Task to carry out – When you copy from the entries that follow, take only the lines from the one with "Opposing Ostpolitik: Franz" down to the one with "Los papeles de", keeping both ends and dropping every picture.

Dataset records –
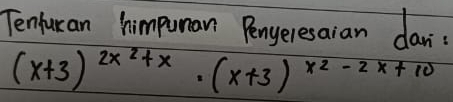 TenJuran himpuman Penyeresaian dan
(x+3)^2x^2+x· (x+3)^x^2-2x+10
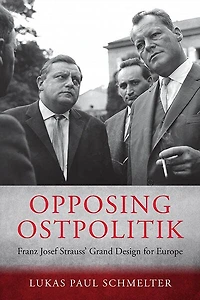 Opposing Ostpolitik: Franz Josef Strauss' Grand Design for Europe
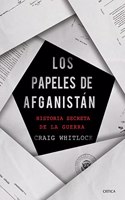 Los papeles de Afganistan: Historia secreta de la guerra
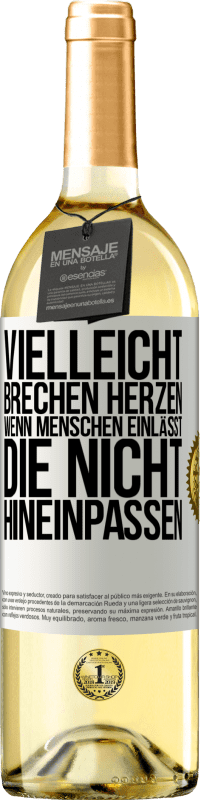 29,95 € Kostenloser Versand | Weißwein WHITE Ausgabe Vielleicht brechen Herzen, wenn Menschen einlässt, die nicht hineinpassen Weißes Etikett. Anpassbares Etikett Junger Wein Ernte 2024 Verdejo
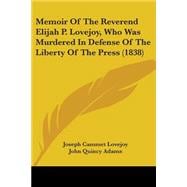 Memoir Of The Reverend Elijah P. Lovejoy, Who Was Murdered In Defense Of The Liberty Of The Press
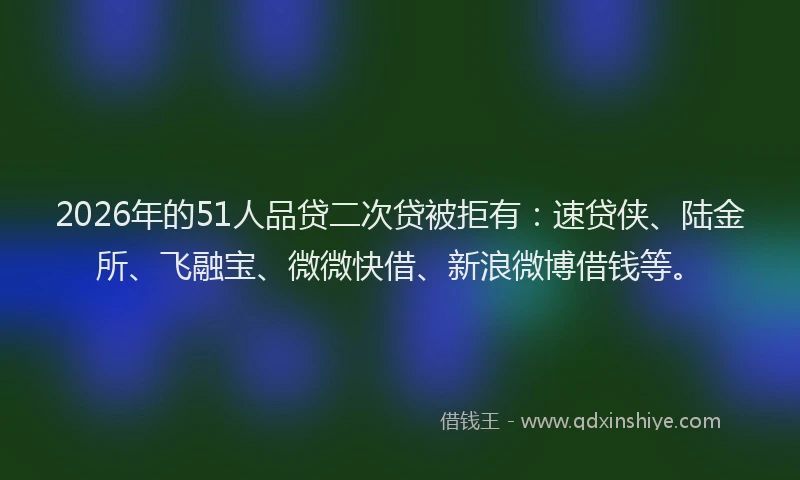 2026年的51人品贷二次贷被拒有：速贷侠、陆金所、飞融宝、微微快借、新浪微博借钱等。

Exercise response –
 Opposing Ostpolitik: Franz Josef Strauss' Grand Design for Europe
 Los papeles de Afganistan: Historia secreta de la guerra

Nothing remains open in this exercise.